2016年11月11日(金)、I-siteなんばにある「まちライブラリー@大阪府立大学」にて第29回アカデミックカフェが開催されました。カタリストは大学院理学系研究科の前川寛和教授。テーマは「地学の世界-地球の姿を垣間見る-」です。

地球がどのような星なのか、誕生以来どんなことを経験してきたのか…。日常生活の中ではその疑問すらなかなか浮かばないですが、実はそれは私たちの存在そのものと密接な関係があるのだと前川先生はおっしゃいます。

長年に渡る先生の研究から「地球科学のとっておきの話」と題した10のテーマでお話を展開。地球の表面を覆うプレートの説明を起点に、プレート誕生の場であり地球のシステムを支配するといわれる海底の巨大山脈についてのお話や地球をつくる主要元素のお話などなど、まるで地球を丸裸するかのように、深く深く迫っていきます。

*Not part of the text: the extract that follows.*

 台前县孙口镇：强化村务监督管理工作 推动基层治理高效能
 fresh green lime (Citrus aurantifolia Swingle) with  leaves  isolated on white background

そんな中、特に身近に感じたのは「宝石に包まれた惑星『地球』」というテーマ。地球は「地殻・マントル・核」から構成される星ですが、マントルは地球全体の80%以上を占め、深さ440Km位まで「かんらん岩」でできています。

そのかんらん岩は主にかんらん石でできており、別名「ペリドット」という名前。そう、8月の誕生石なんです!かんらん石の中で「宝石」として扱われるものをそう呼ぶそうで、とても美しい緑色をしています。私たちが暮らしている地球が、宝石に包まれたロマンティックな星だなんて、想像しただけで嬉しくなりませんか?

また、「地球をつくる主要元素」のお話も不思議に感じた内容。実は、地球の成分の約90%以上は、マグネシウム、珪素、鉄、酸素のたった4元素で占められているというお話。私たちの地球は、実はとてもシンプルにできているようで、宇宙誕生以後の元素の形成過程にも密接に関係しているそうです。

 

カフェの終盤では、先生が長年かかわっていた「しんかい6500」での研究を画像を交えて説明してくださいました。日本が誇る「しんかい6500」は世界で最も深く潜れる有人潜水調査船。海底では岩石採集をはじめ、地形や地質、深海生物などの調査を行います。先生が見せてくださった深海ならではの不思議な生物の写真が可愛く、参加者の皆さんもなんだかほんわかしているように見えました。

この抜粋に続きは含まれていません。